Женить меня хотели в Баку. Местная, азербайджаночка, была, вдова молодая. Не мог, не хотел ей жизнь ломать. Я так понимал: нельзя человека в обман вводить. Недостойно и позорно. Грех.
Бросил всё и через море Каспийское — в Среднюю Азию, в Ашхабад. Там в разведке работал, на буровой, — я ведь уже на бурении старшим мастером был.
Не знаю, как бы дальше жизнь моя повернулася, — 1948 год подошел. Знаменитый: землетрясение случилось в Ашхабаде. И ничего от того города не осталось…
Горе всем, несчастье, страх и разорение. А кому–то счастье — и так, оказывается, бывает. Вот я… Мне, значит, из того вселенского горя счастье выпало. Когда через трое суток пыль и прах спали и стало видно, что натворено, наворочено. Подо всем этим содомом — люди раздавленные. А я додумался: воля мне через бессчётные смерти! Вот где несчастье моё, вот расплата за грех убийства: воля мне гибелью людей обёртывается.
Солдаты меня подобрали, приволокли в госпитальную палатку. Докладывают молоденькому лейтенанту: «Вот старик кричит, что грешен, что убил кого–то, что нет ему свободы».

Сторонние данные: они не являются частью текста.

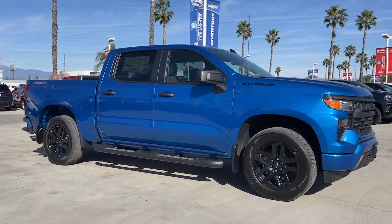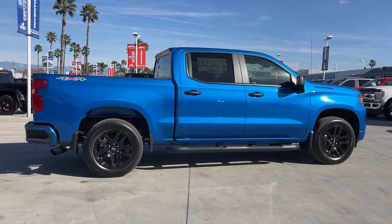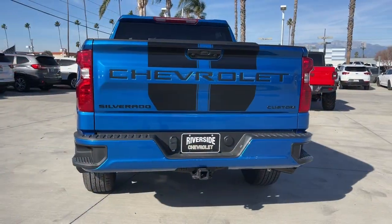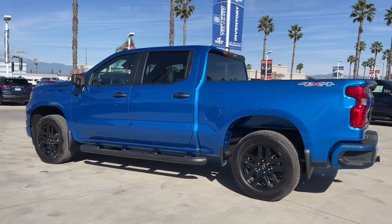Go home happy with the 2024 Chevrolet Silverado 1500. The Silverado 1500 is the full-size pickup that blends a spacious, quiet cabin, technology that keeps you connected, smooth handling, and the toughness you need for all your projects.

Тот: «Еще один свихнулся. Везите на аэродром». А какой мне аэродром? О себе ли думать, собою ли транспорт загружать? Пока в пыльной темени трёх первых суток людей из камней вытаскивали да в сторонку относили, пока покойников хоронили, с солдатами детишек пока искали заваленных — о себе думать было некогда. Теперь — на аэродром. Отмахался я от солдат, снова в завалы пошел. И опять померещилась мне свобода…

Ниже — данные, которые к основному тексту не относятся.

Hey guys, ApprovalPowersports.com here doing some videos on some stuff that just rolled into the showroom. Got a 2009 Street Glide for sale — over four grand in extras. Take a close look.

Валентин Михайлович заплакал тихо, с обидой, по–детски всхлипывая. Руку поднять, чтобы утереть слёзы, он уже не мог.
Молчал долго. Потом тихо, чуть слышно застонал. И судорога хлестнула его по всему телу — злая, сокрушающая, обнажив болью стиснутые зубы.
Я сбегал за врачом. Он долго считал пульс. Уколол пантопоном. Растерянно взглянул на меня… Давал понять, чтобы закруглялись — не мучили человека…
Я поднялся, чтобы уйти и дать Валентину Михайловичу уснуть, но он услышал, и тотчас приоткрыл глаза.
— Сидите, — прошептал. — Мне ещё успеть… надо… Недолго уже.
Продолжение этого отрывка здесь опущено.